== TASK DIRECTIONS ==
Retype the data that follows exactly. No pictures belong in the copy.

== SUPPLIED MATERIAL ==
_____

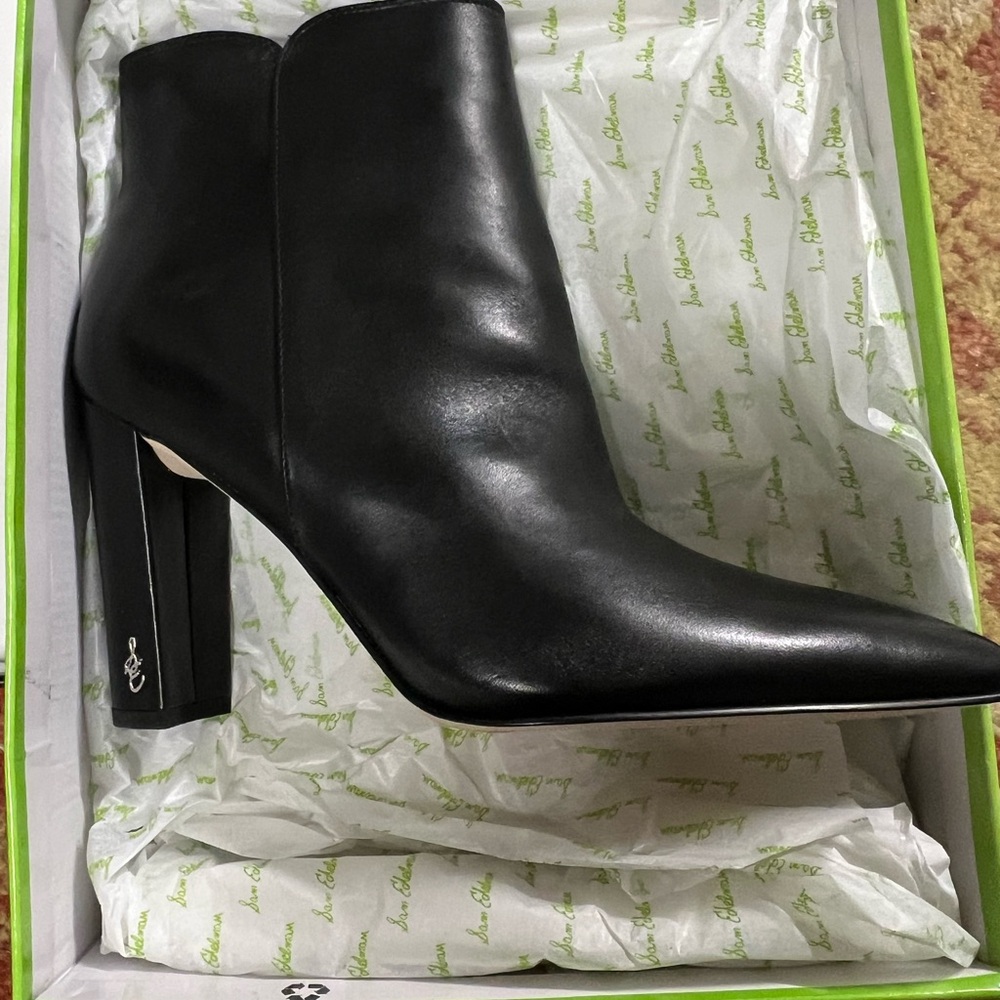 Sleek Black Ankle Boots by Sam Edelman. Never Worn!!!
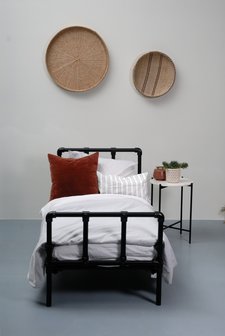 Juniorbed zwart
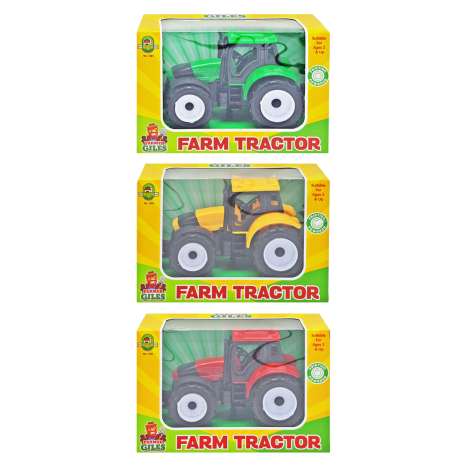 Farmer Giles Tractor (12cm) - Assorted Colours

_____

== FINISHED EXERCISE ==
 Sleek Black Ankle Boots by Sam Edelman. Never Worn!!!
 Juniorbed zwart
 Farmer Giles Tractor (12cm) - Assorted Colours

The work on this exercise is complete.